1.At the end of his Introduction, author Jeffrey Zaslow repeats a question posed to him: “Could a man ever really understand women’s friendships?” How would you answer that question? Do you think Zaslow succeeded in his attempt to portray and explain the Ames girls’ long-lasting bonds?


2.Also in the Introduction, Zaslow explains the basis of the Wall Street Journal column that gave birth to this book, saying, “The column focused on why women, more than men, have great urges to hold tightly onto old friends.” Do you agree that women stay closer to friends than men do? Why or why not?


3.“E-mail has been a great gift to the Ames girls’ friendship, as it has to many other women’s friendships in recent years,” (page 76). Talk about how technology has changed friendships in the past decade or so. Are you in more regular or better touch with friends because of e-mail, texting, Facebook, Twitter, or IM? Have you formed new relationships—or, reignited dormant ones—as a result of social networking sites?


4.Did you identify with one or more of the Ames girls, either in adolescence or adulthood? If so, what did you have in common with them?

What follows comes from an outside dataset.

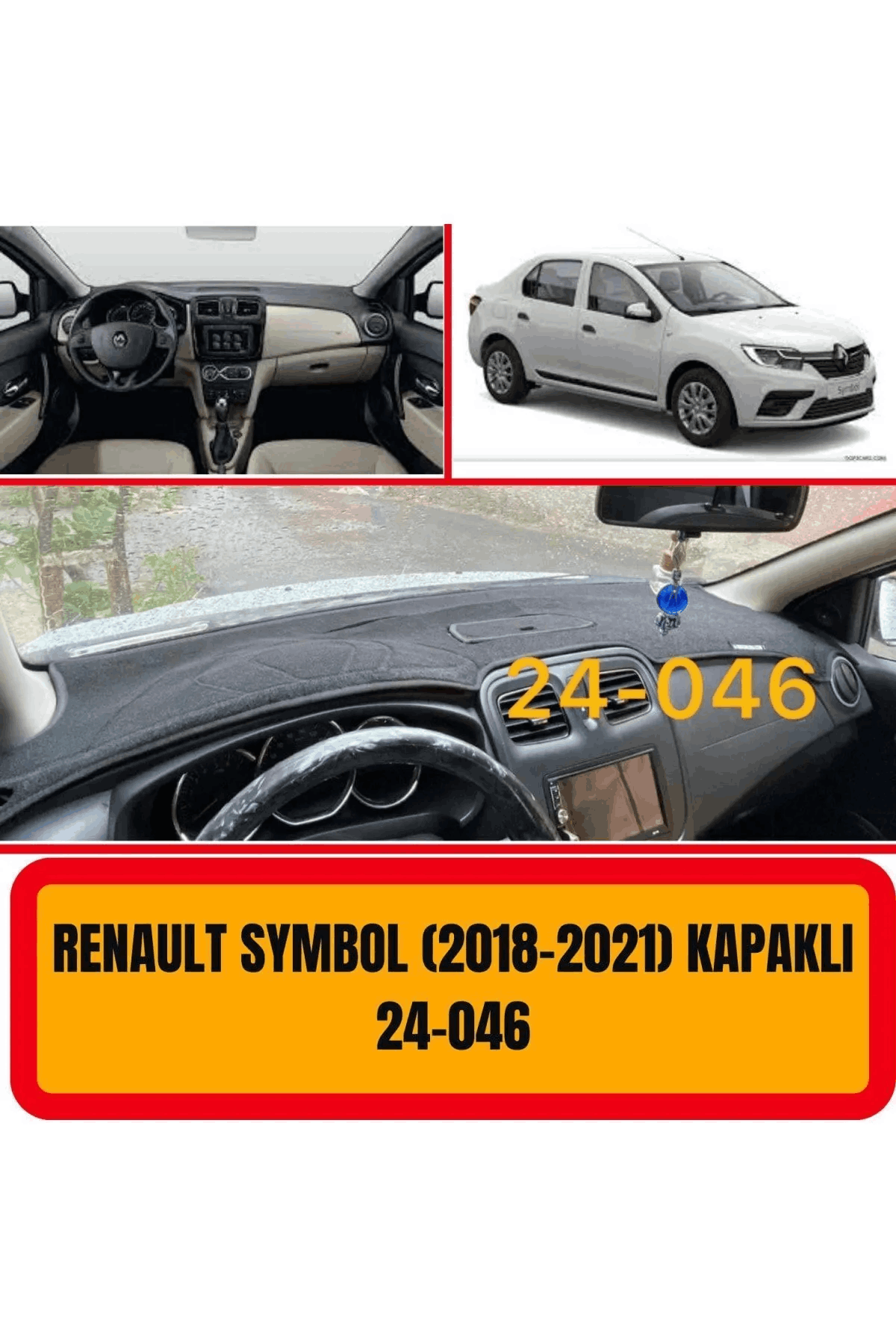 Renault Symbol (2018-2021) Kapaklı Torpido Koruma Koruyucu Kilifi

5.“Male friendships are often born on the athletic fields,” (page 54). What do you believe comprises male friendships? Do they form through activities like sports, or through something different? Do you know men who are part of a group much like the Ames girls’? If so, how does the male group differ from the female?


6.Which of the Ames women do you think strayed farthest from her Midwestern upbringing, or defied the expectations of someone raised in her hometown?


7.Cathy tries to explain the attachment between the women as one borne out of shared roots: “We root each other to the core of who we are, rather than what defines us as adults—by careers or spouses or kids. There’s a young girl in each of us who is still full of life,” (page 96). Do you think it’s common for people who were close childhood friends to maintain that bond in adulthood?


8.“Researchers worry about this current generation of girls. Studies suggest that the average girl today is likely to grow up to be a lifelong dieter, to have a distorted body image, and to be emotionally scarred by cliques,” (page 114). How has adolescence changed from when you were young to what a teenager experiences today? Do you share the concern that the new generation of girls faces a tougher time than young women of bygone eras? What societal or cultural factors might account for this shift?


9.In Chapter 10, Marilyn’s sister explains to her: “Men who’ve confided only in a spouse or a girlfriend can feel lost after a breakup or divorce, because they lose their only confidant. But for a woman with close female friends, the end of a romantic relationship is more bearable because they haven’t lost their entire support system,” (page 146). What do you think of this supposition? Can you think of examples in your own life that prove this statement to be true, or that dispute it?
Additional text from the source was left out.